Community Tip - Need to share some code when posting a question or reply? Make sure to use the "Insert code sample" menu option. Learn more! X
Hi,
My customer wants to use thingworx analytics to train the model. The data volume for trailing the model(after data cleansing) would be several millions, but may has larger data over 10 millions in the future . The customer wants to train the different models or train the same model with different data monthly, bi weekly , and would be better if can train every a few days with the updated raw data.
The questions are :
1. what kinds of hardware are required for the customer's needs ? does GPU required for such case and can thingworx analytics utilize the GPU ?
2. Does thingworx analytics supports cluster deployment , not only for availability but for balancing the computing resources ?
Is there any offical document for the above questions ?
The only document I can find is https://www.ptc.com/support/-/media/CE3479EC89B74CD7891F65F2E47BE04D.pdf?sc_lang=en , but it looks just a strategy guide of cluster deployment instead of an installation guide with detailed steps, and it's for the earlier version of 8.5 , something maybe out of date .
Regards,
Sean
Solved! Go to Solution.
@seanccc ,
I have confirmed with our R&D that you can build a Distributed deployment of ThingWorx Analytics by using the Dockerfiles to build Docker images for the Analytics Components. You would deploy these on a server or a container orchestration platform (e.g. Kubernetes).
You can find the source files here: ThingWorx Analytics - Download Portal
If you need further assistance or guidance with this setup, it would be best to open a Case with Technical Support.
Please let me know if this answers your question by marking this comment as Solution Accepted.
Regards,
Neel
@seanccc
Thank you for posting to the PTC Community.
The guide you linked is actually a little outdated, but the information/concepts are still valid.

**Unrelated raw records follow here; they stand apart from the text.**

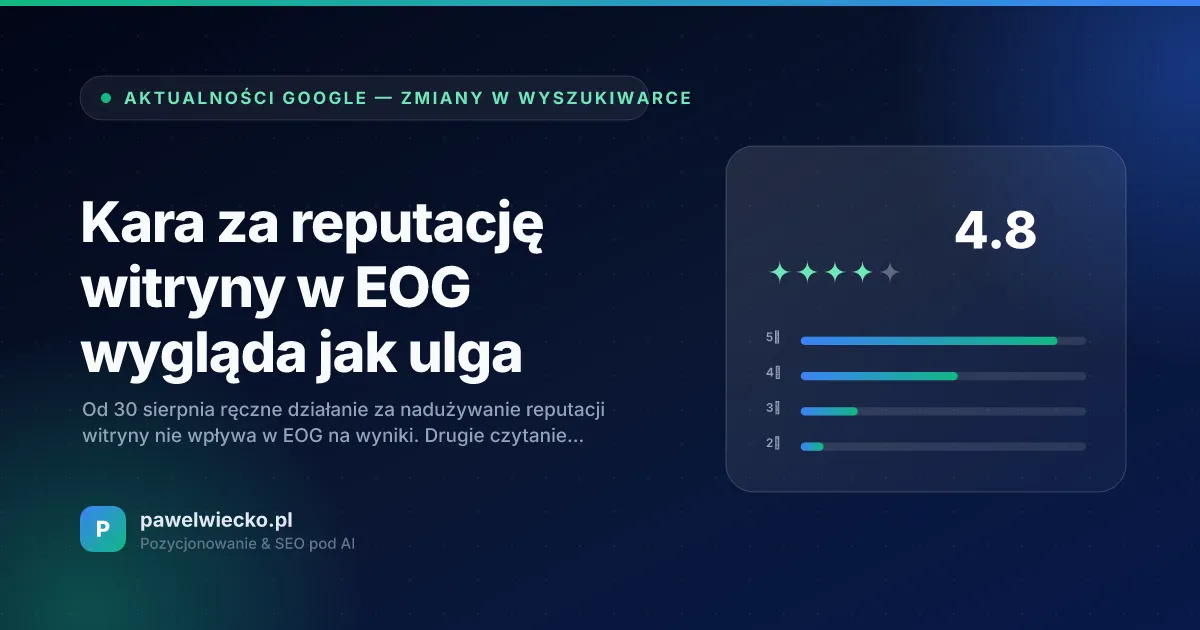 Kara za reputację witryny w EOG wygląda jak ulga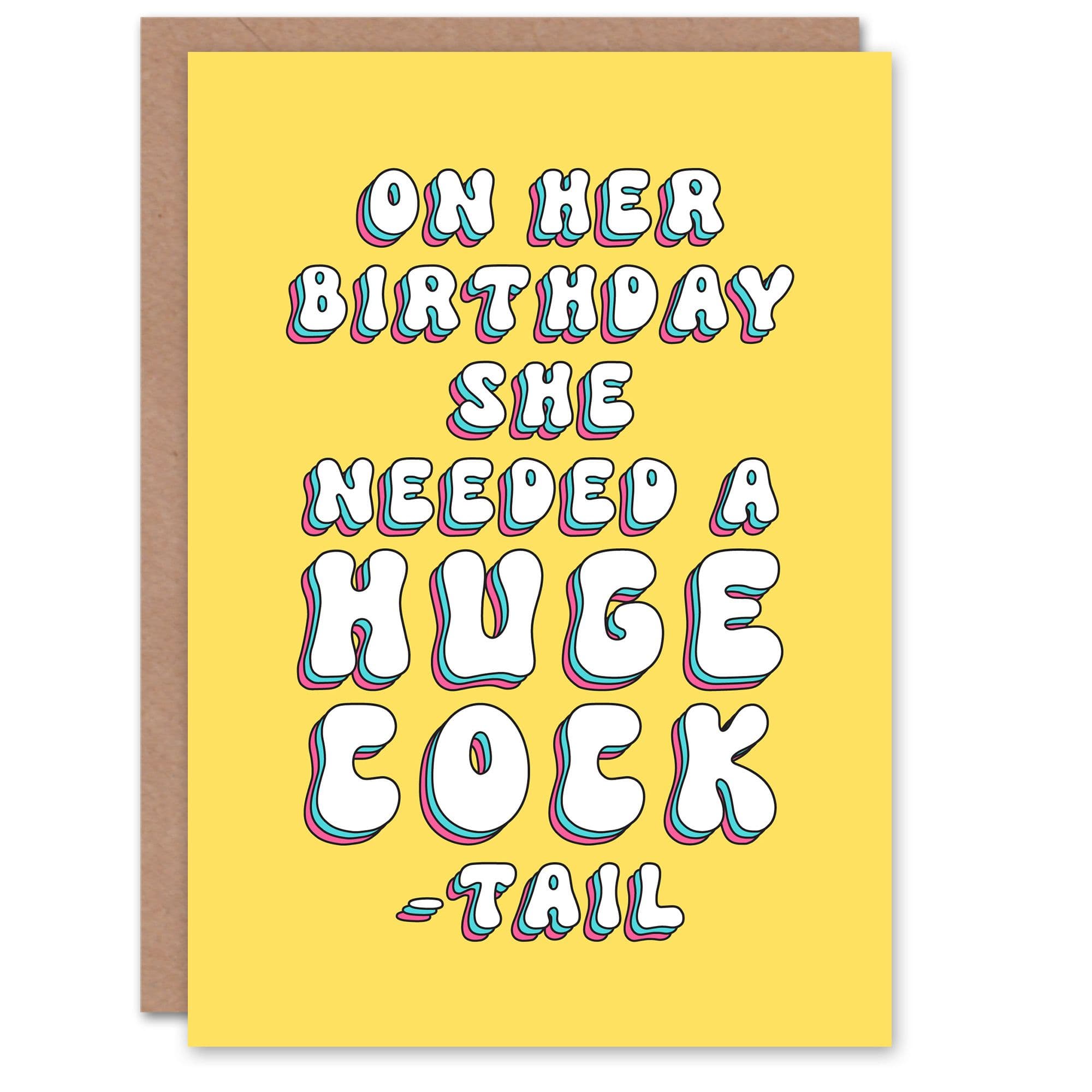 Greeting Card Need a Huge Cocktail Adult Wordplay Funny Birthday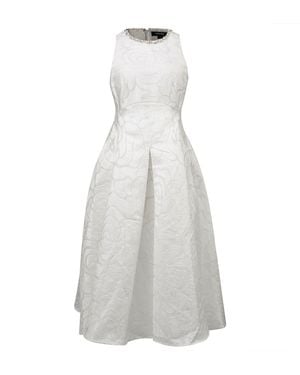 Smart and Joy Fit-And-Flare Collar Trim Textured Jacquard Dress - White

10 million record data analysis and modeling on a standalone is fine, if tuned correctly, and load balancing is not required for that amount of data. We do not have an 8.5 distributed installation package, but I can inquire on how to/if you can achieve this with 8.5 if you so desire.
ThingWorx Analytics does not utilize GPU computation at this time, everything is processed by the CPU and machine RAM allocated to the application.
Please see the help center documentation for the latest information around system requirements: https://support.ptc.com/help/thingworx_hc/thingworx_analytics_8/#page/analytics%2F8_5_1_analytics_system_requirements.html%23wwID0EXCEQ
Please let me know if you have any additional questions.
Regards,
Neel
@nsampat ,
Thank you for the reply, my customer wants to know the details of building a distributed thingworx analytics in 8.5 . please help to inquire the information how can it setup a distributed analytics properly. Thank you
Regards,
Sean
@seanccc ,
I have put out a request to our Product Management team to review this.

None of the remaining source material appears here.